» **Exercise requirements**
In the copy, every record below must appear exactly as given, and no picture may appear.

**** Materials provided ****

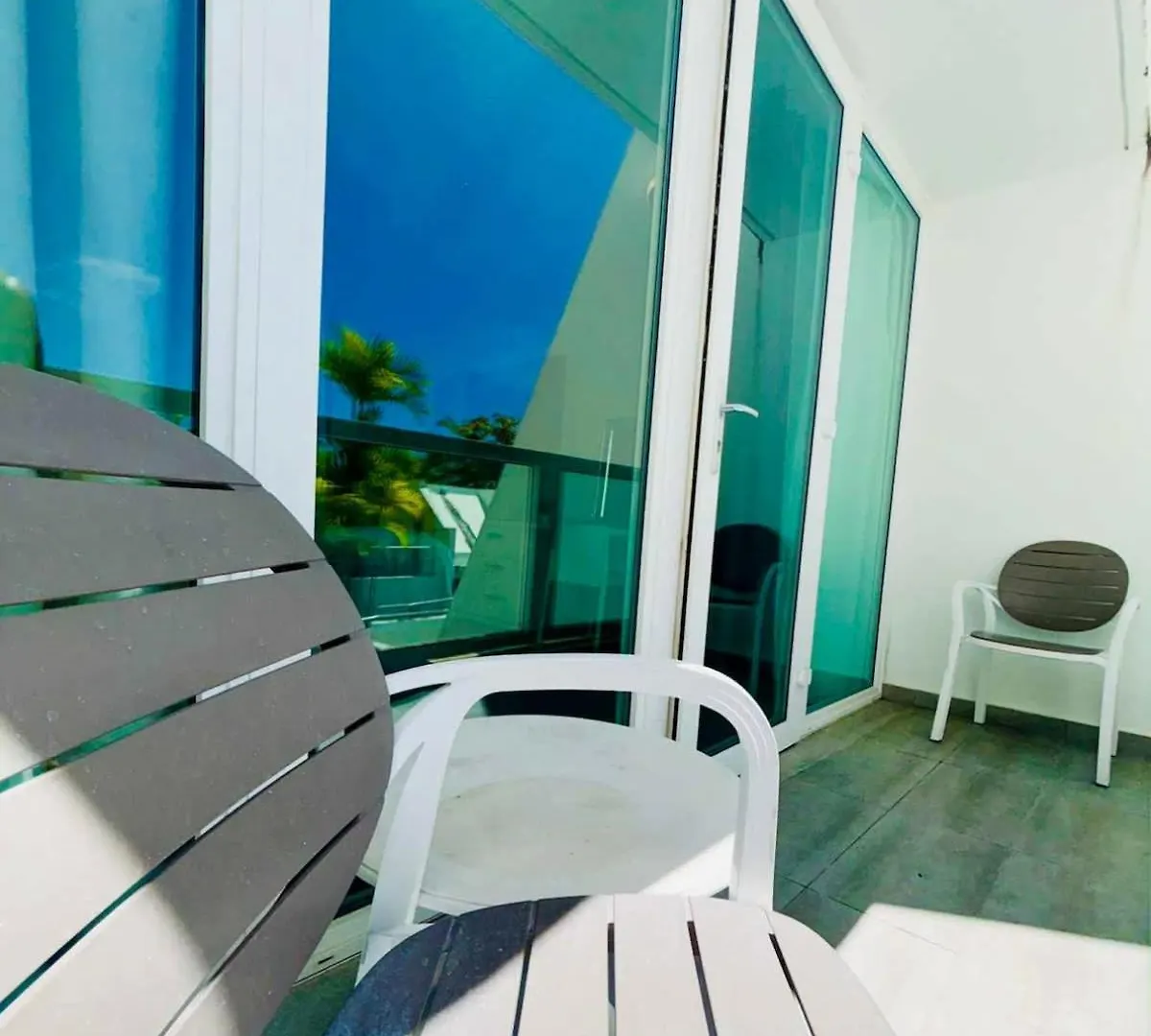Διαμέρισμα Esj Studio With Beach Access Σαν Χουάν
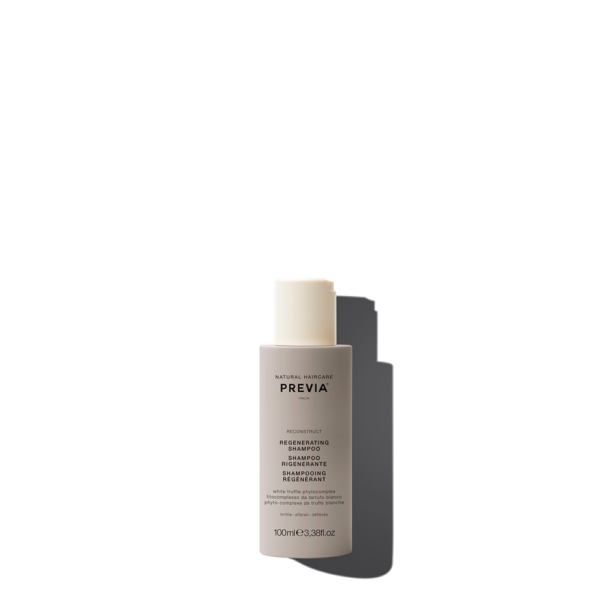 previa reconstruct shampoo travel size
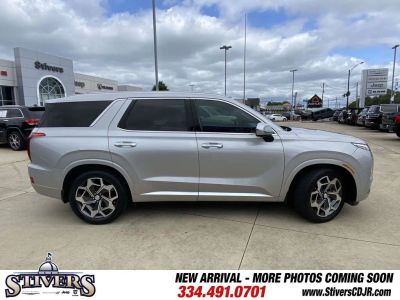 2021 Hyundai Palisade — photo 43 view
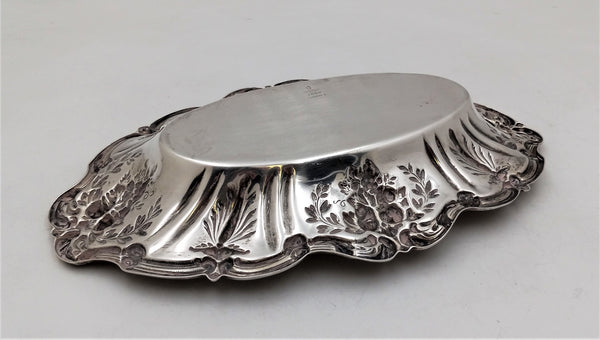Reed & Barton Sterling Silver Francis I Porringer Bowl in Art Nouveau Style X569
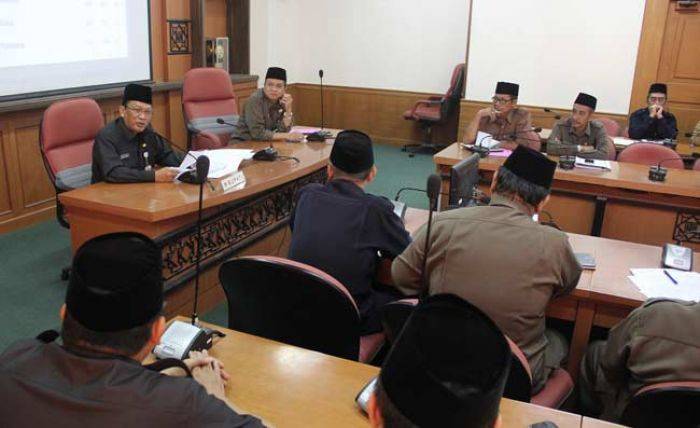 Pemkab Gresik Gelar Evaluasi SKPD Triwulan II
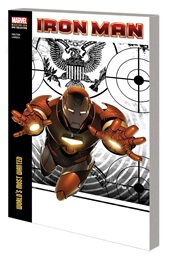 Marvel Modern Era Epic Collection: Iron Man Volume 3: Worlds Most Wanted TP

****

» **Solution for this problem**
Διαμέρισμα Esj Studio With Beach Access Σαν Χουάν
 previa reconstruct shampoo travel size
 2021 Hyundai Palisade — photo 43 view
Reed & Barton Sterling Silver Francis I Porringer Bowl in Art Nouveau Style X569
 Pemkab Gresik Gelar Evaluasi SKPD Triwulan II
 Marvel Modern Era Epic Collection: Iron Man Volume 3: Worlds Most Wanted TP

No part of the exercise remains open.